> _Information supplied_:

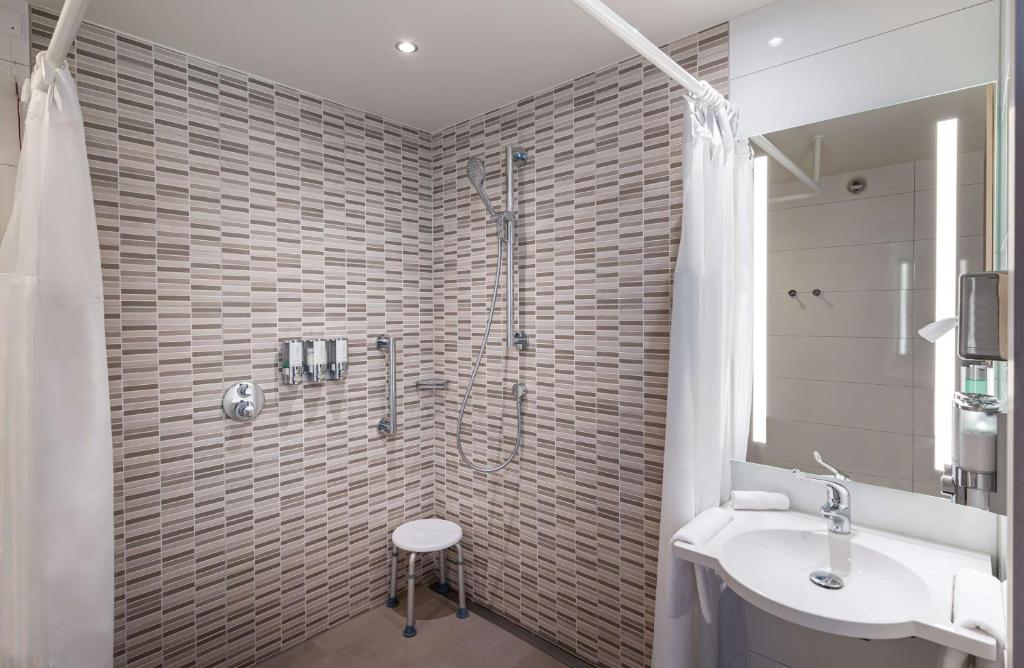 Hampton By Hilton Kiel - Double Accessible Room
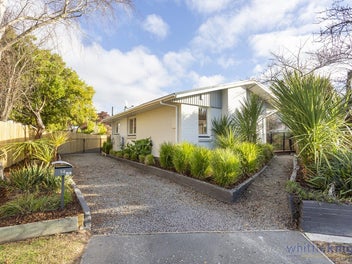 Stunning 4 bedroom home with central heating!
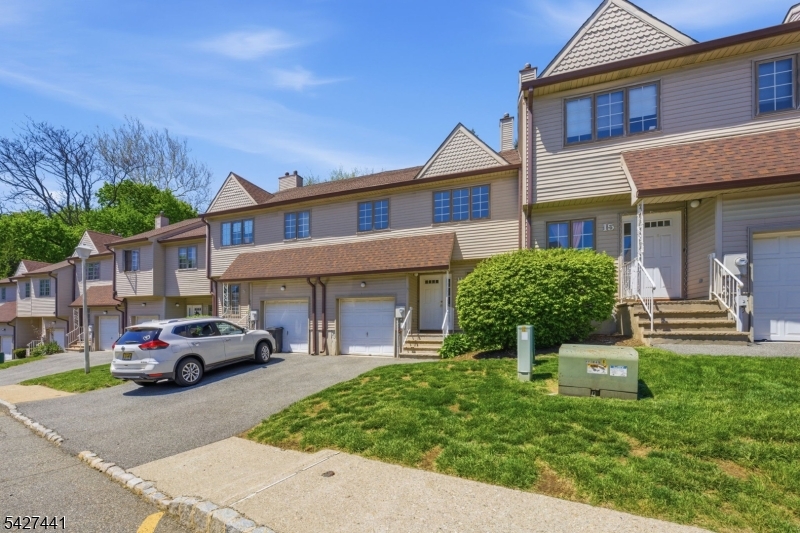 Deer Hill Village - Residential Lease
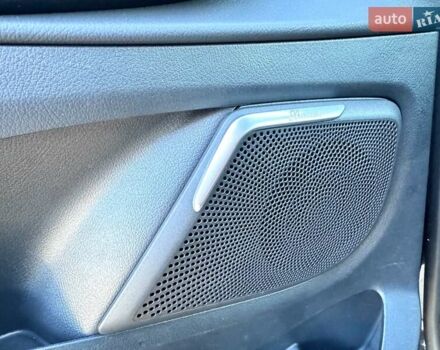 Черный Мерседес В-Класс, объемом двигателя 1.95 л и пробегом 3 тыс. км за 163000 $, фото 22 на Automoto.ua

> _What is being asked_:
Copy each line of the material above exactly, but not the images.

> _Result of this task_:
 Hampton By Hilton Kiel - Double Accessible Room
 Stunning 4 bedroom home with central heating!
 Deer Hill Village - Residential Lease
 Черный Мерседес В-Класс, объемом двигателя 1.95 л и пробегом 3 тыс. км за 163000 $, фото 22 на Automoto.ua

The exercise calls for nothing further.